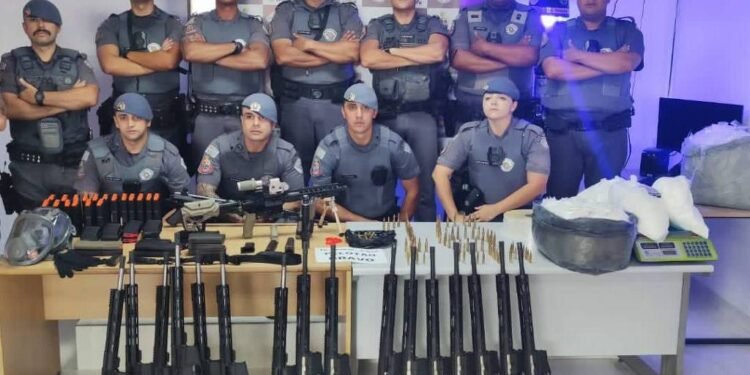 Polícia apreende 18 fuzis dentro de carro blindado em Paraisópolis, na zona sul de SP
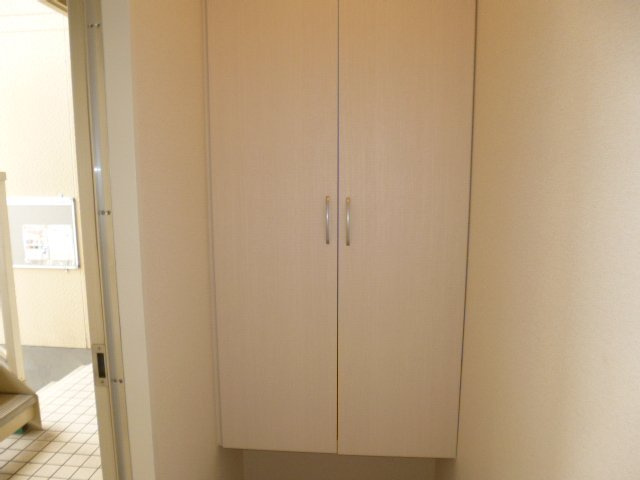 プレジール白楽Ｂの玄関|シューズボックス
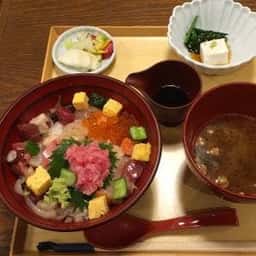 日本の旬の味 百膳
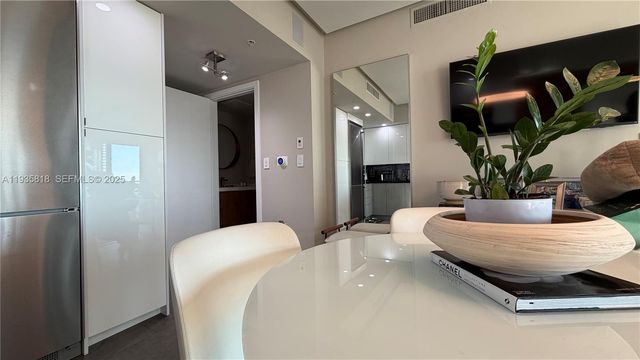 92 SW 3rd St 3607, Miami, FL 33130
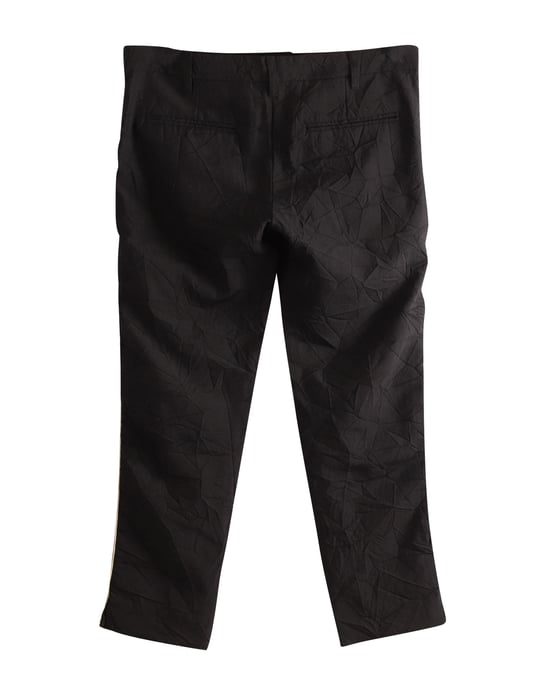 Ann Demeulemeester Cropped broek met gouden strepen aan de zijkant in zwart nylon - Image 2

--------------------------------------------------

● **Problem to work on**: Write out the entries again, word for word. No images.

● **Answer for the task**:
 Polícia apreende 18 fuzis dentro de carro blindado em Paraisópolis, na zona sul de SP
 プレジール白楽Ｂの玄関|シューズボックス
 日本の旬の味 百膳
 92 SW 3rd St 3607, Miami, FL 33130
 Ann Demeulemeester Cropped broek met gouden strepen aan de zijkant in zwart nylon - Image 2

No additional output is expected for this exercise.